#### [Aim of the exercise]
What is needed is the full set of records, word for word, with no pictures.

(Beginning of Provided entries)

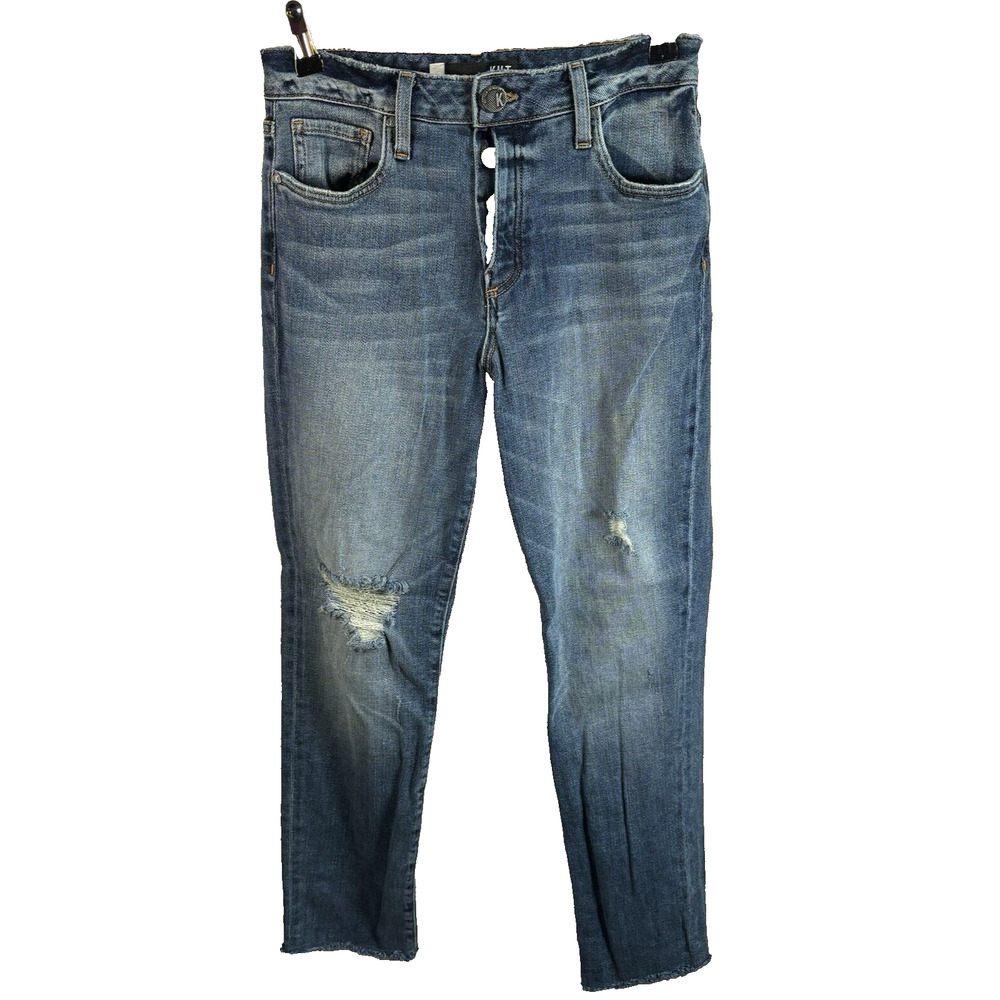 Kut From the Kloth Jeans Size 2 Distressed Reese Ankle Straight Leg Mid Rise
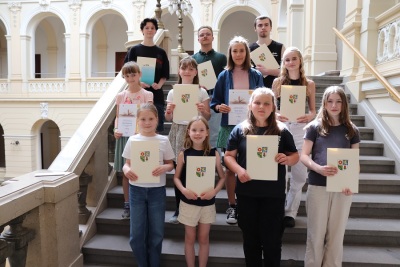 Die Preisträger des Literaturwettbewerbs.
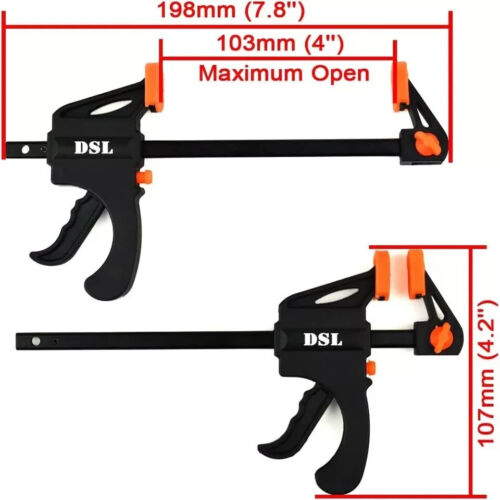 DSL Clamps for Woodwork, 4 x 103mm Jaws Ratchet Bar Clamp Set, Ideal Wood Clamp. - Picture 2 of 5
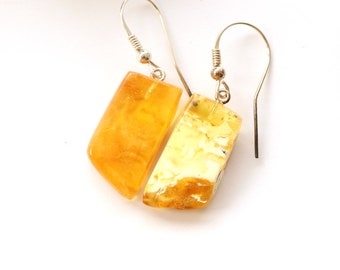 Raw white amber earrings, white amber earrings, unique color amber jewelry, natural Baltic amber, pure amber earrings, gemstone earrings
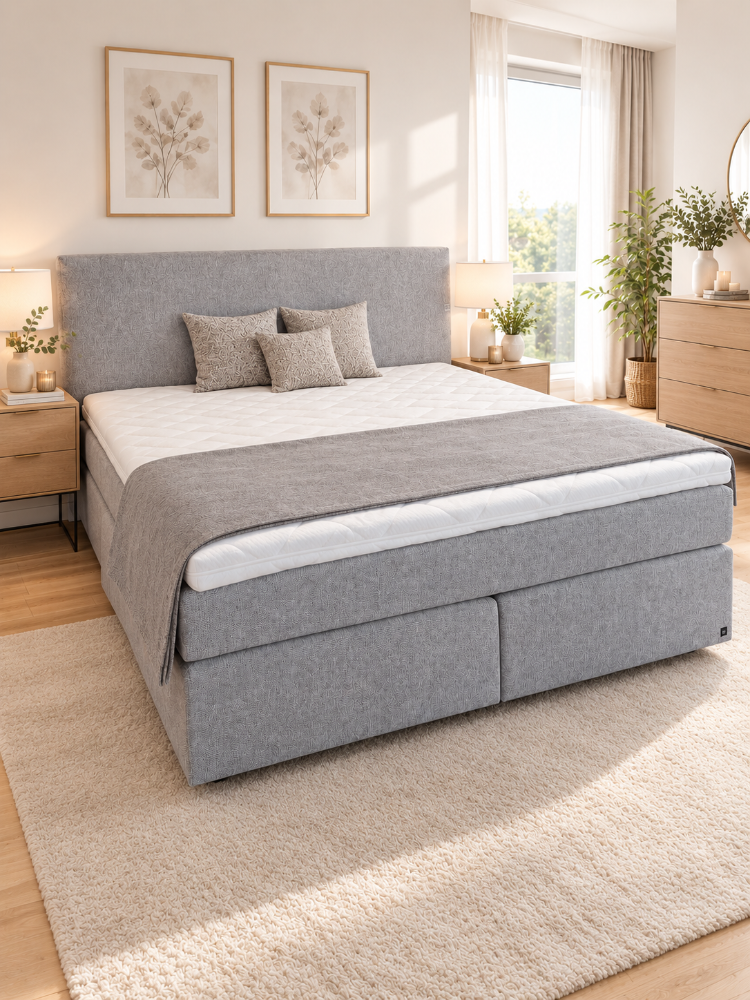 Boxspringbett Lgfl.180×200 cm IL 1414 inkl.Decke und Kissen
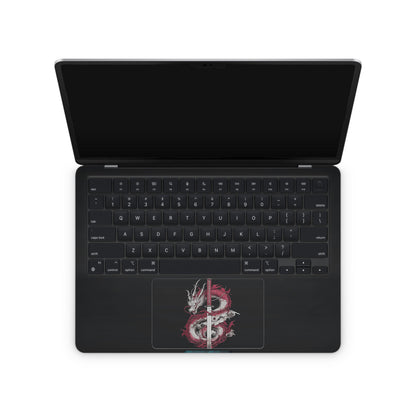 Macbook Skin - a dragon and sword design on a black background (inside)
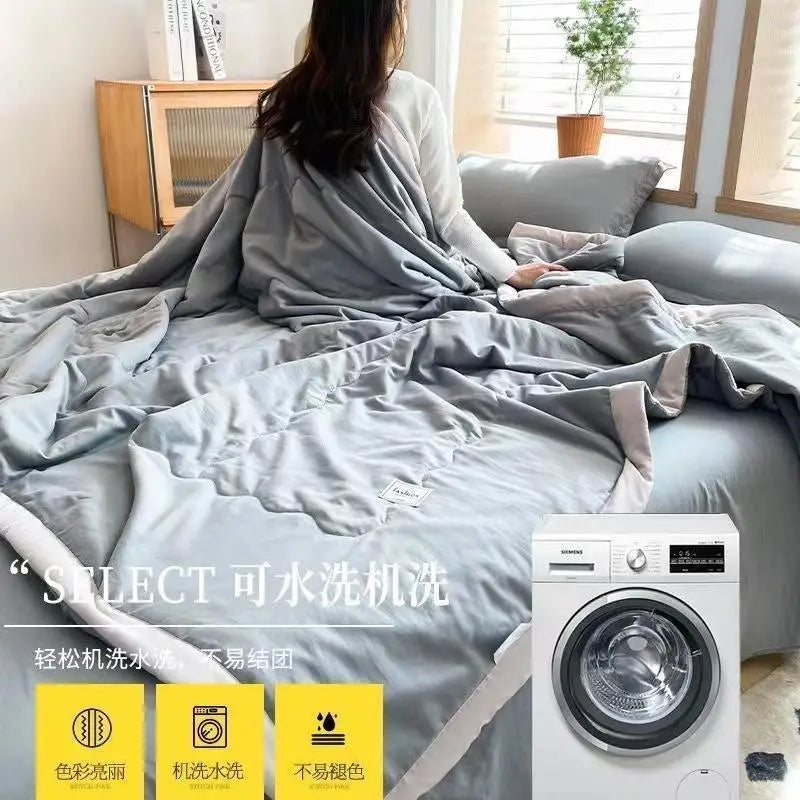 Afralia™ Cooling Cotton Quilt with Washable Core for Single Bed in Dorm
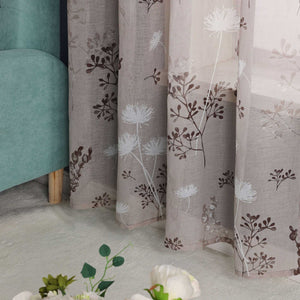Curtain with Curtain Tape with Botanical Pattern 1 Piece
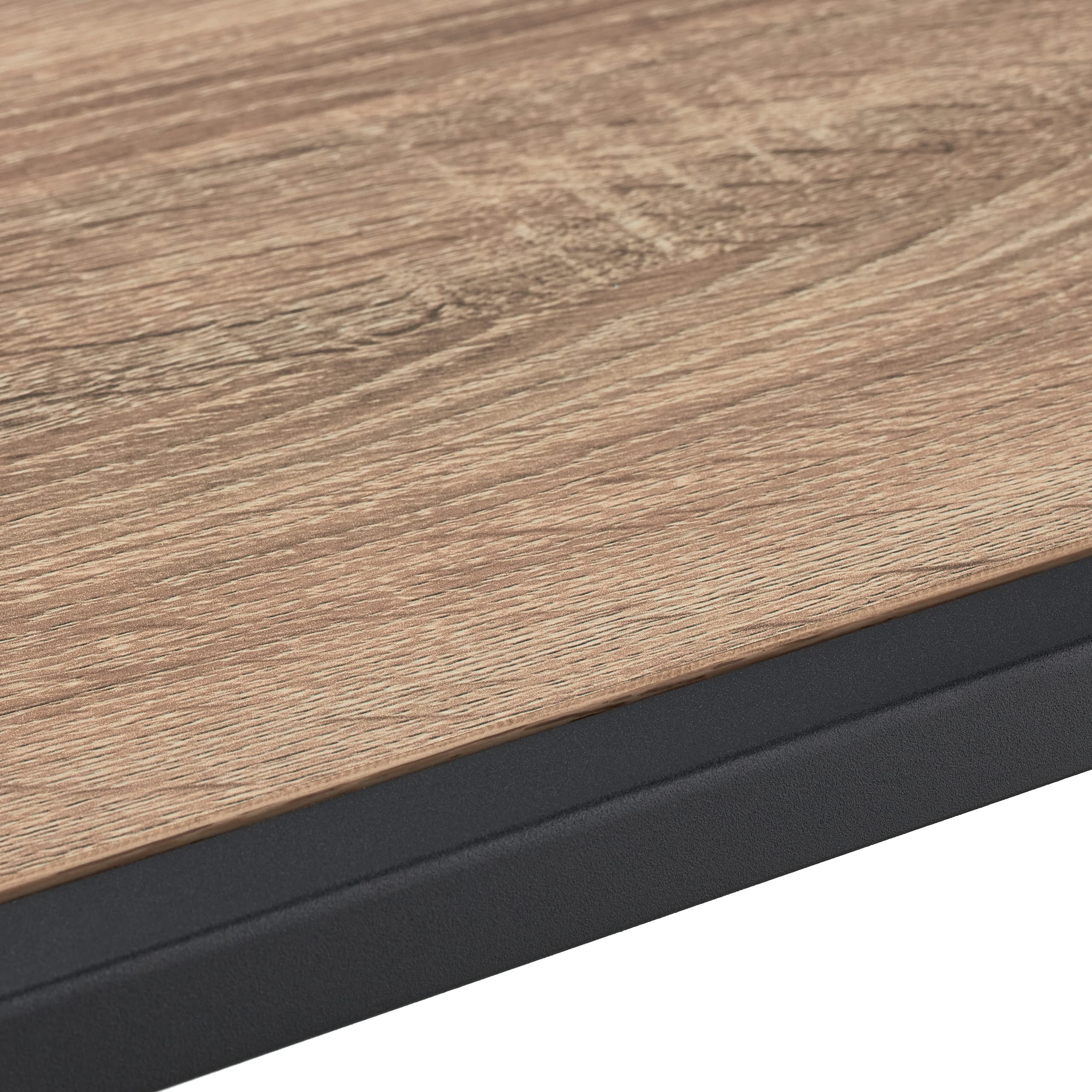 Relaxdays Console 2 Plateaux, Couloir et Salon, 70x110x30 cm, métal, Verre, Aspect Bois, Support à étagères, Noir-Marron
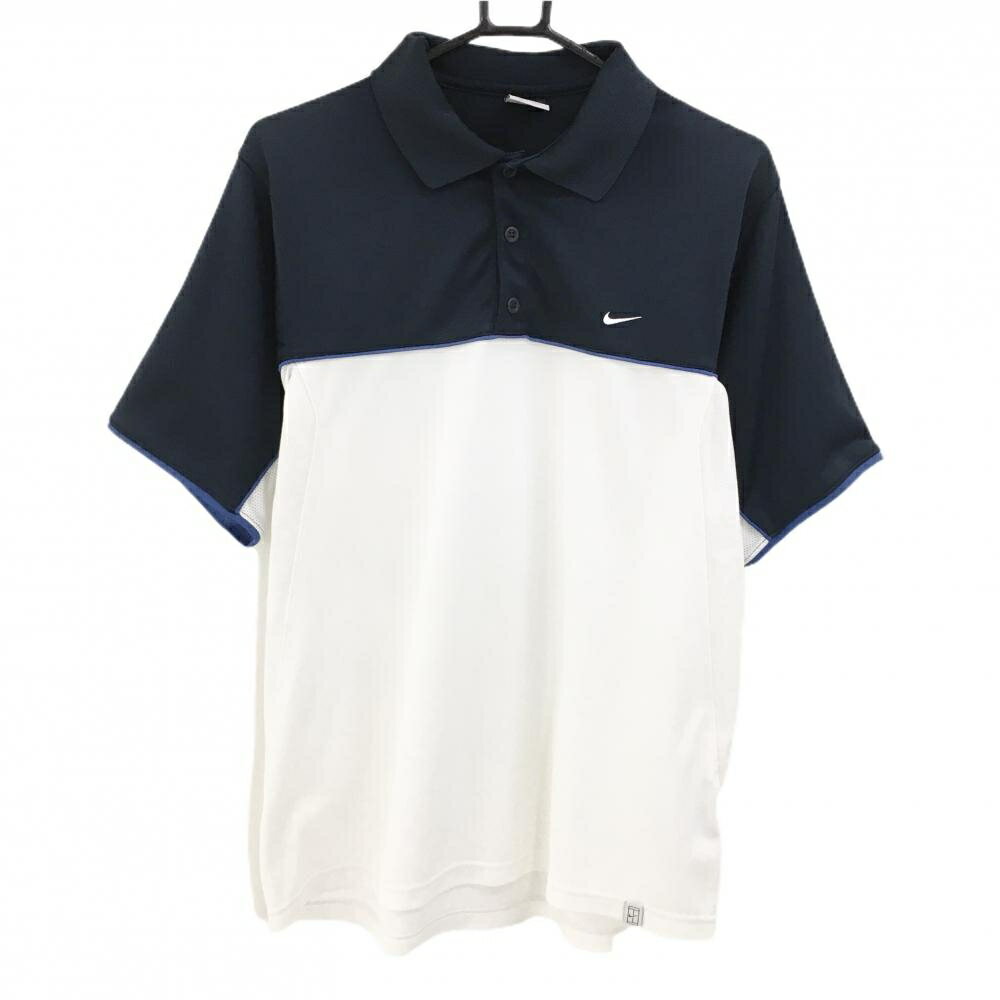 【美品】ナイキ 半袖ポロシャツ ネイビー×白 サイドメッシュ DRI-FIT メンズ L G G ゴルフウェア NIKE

(End of Provided entries)

#### [Solution to the problem]
 Kut From the Kloth Jeans Size 2 Distressed Reese Ankle Straight Leg Mid Rise
 Die Preisträger des Literaturwettbewerbs.
 DSL Clamps for Woodwork, 4 x 103mm Jaws Ratchet Bar Clamp Set, Ideal Wood Clamp. - Picture 2 of 5
 Raw white amber earrings, white amber earrings, unique color amber jewelry, natural Baltic amber, pure amber earrings, gemstone earrings
 Boxspringbett Lgfl.180×200 cm IL 1414 inkl.Decke und Kissen
 Macbook Skin - a dragon and sword design on a black background (inside)
 Afralia™ Cooling Cotton Quilt with Washable Core for Single Bed in Dorm
Curtain with Curtain Tape with Botanical Pattern 1 Piece
 Relaxdays Console 2 Plateaux, Couloir et Salon, 70x110x30 cm, métal, Verre, Aspect Bois, Support à étagères, Noir-Marron
 【美品】ナイキ 半袖ポロシャツ ネイビー×白 サイドメッシュ DRI-FIT メンズ L G G ゴルフウェア NIKE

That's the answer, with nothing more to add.